Bass live closer to the surface in August because the oxygen in deeper water is bad, and they’ve got to come up shallow to find oxygen. When I won the Bassmaster Classic in Louisiana in August 1999, I caught all my fish in 5 feet of water or less, and the surface temperature that week was 90 degrees. Bass can stand hot water a lot better than they can stand water that doesn’t carry much dissolved oxygen.

If I’ve convinced you to get up early enough to be on the lake by 5:30, I need to explain how we’re going to catch fish. First, I’m going to look for the best shallow cover that a lake has and keep my eyes open for any baitfish I see. I look for grass, because it seems like baitfish will get in grass this time of year, and you can catch a lot of quality bass around them.

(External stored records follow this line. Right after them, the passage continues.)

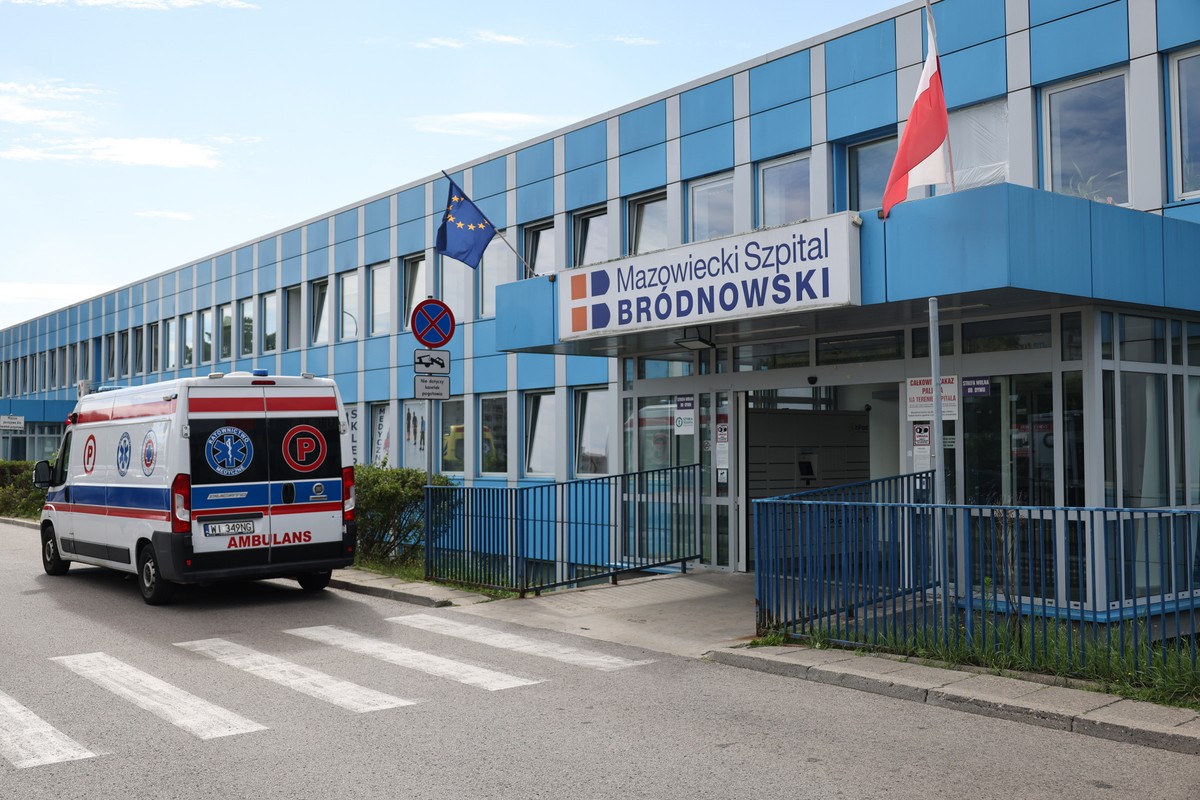Szpital Bródnowski w Warszawie. Widać wejście, przed nim na poboczu zaparkowana karetka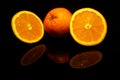 Two  half and an orange isolated on black with reflections Royalty Free Stock Photo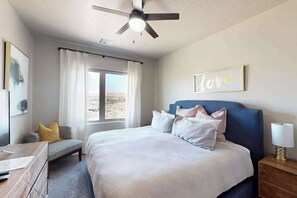 A bedroom with a bed, a desk, a chair, a ceiling fan, and a window with curtains. - Townhouse with resort amenities, private hot tub (Hurricane)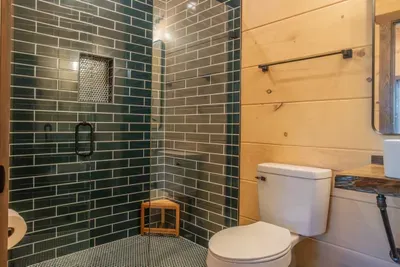Full shower in one of the en suite bathrooms.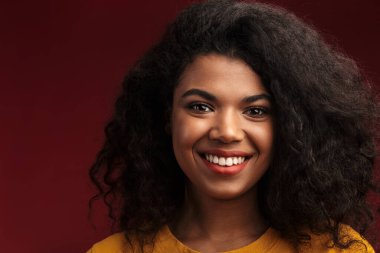 Kızıl arka planda izole edilmiş kameraya gülümseyen kıvırcık saçlı güzel esmer Afrikalı Amerikalı kadın.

Because I’m only going to fish for three hours of so, I try to concentrate on fishing three or four different areas and covering a lot of water in those areas. I like to concentrate on long, flat points, because fish can move up on them to feed. If there’s grass on the point, I like to fish a frog bait like a Terminator frog or a buzzbait. If there’s no grass, I like to fish a wake bait like a Rapala BX Waking Minnow. You’ll get some vicious strikes his time of year on a wake bait, which has a diving lip but stays so close to the surface that it puts off a wake, like the Redfins a striper fisherman might use. On a lake like Wateree, where the entire lake is full of shallow grass, I’ll start with a frog. At Clarks Hill or Murray, I’ll start with a wake bait.

I fish a wake bait with a 7-foot, medium-action Bass Pro Shops Carbonlite rod. I like 14-pound XPS monofilament; you don’t want to use fluorocarbon because the weight of the line will pull your lure down a little. If I’m fishing a frog, I’ll go to a medium heavy rod and a reel loaded with 50-pound braid, because there are some nasty places you’ll have to pull a bass out of after it hits a frog.

I think all these baits work better if you’ve got just a little wind, just the slightest wind. If it is blowing harder, I’ll throw something like a D-Shad, some kind of a soft-plastic jerkbait. But typically in August, you don’t have much wind early in the morning.

I think a frog bait works best if you parallel the outside edge of the grass. I’ll cast it out, let it sit, move it a little, then let it sit still some more; that lets them find it. Other times, I’ll fish it erratically, moving it erratically, then stopping it and letting it sit. They often have to turn and find it. With a wake bait, you’re just making a slow, consistent retrieve, allowing the bait’s wobble to attract fish.

One thing I always have tied on when I’m fishing topwaters is a follow-up bait to throw if a bass makes a big swirl or splash and misses. I always keep a Senko tied on — green pumpkin or purple/green — and I rig it wacky style when I’m fishing it as a follow-up bait. I want to throw it right where I missed the fish, because the fish will often turn and look for the bait after missing it, and if you can have another bait sinking down slowly in front of it, you’ve got a good chance to get a strike and a hookup.

So instead of taking the month of August off, just compress your fishing efforts into those few hours right before and after dawn breaks. If you live in the Lowcountry, you’ll be up later in the month deer hunting anyway, so what’s the difference. You can get a biscuit on the way home after catching a couple of 5-pounders, catch a little nap, and you’re ready for the rest of the day.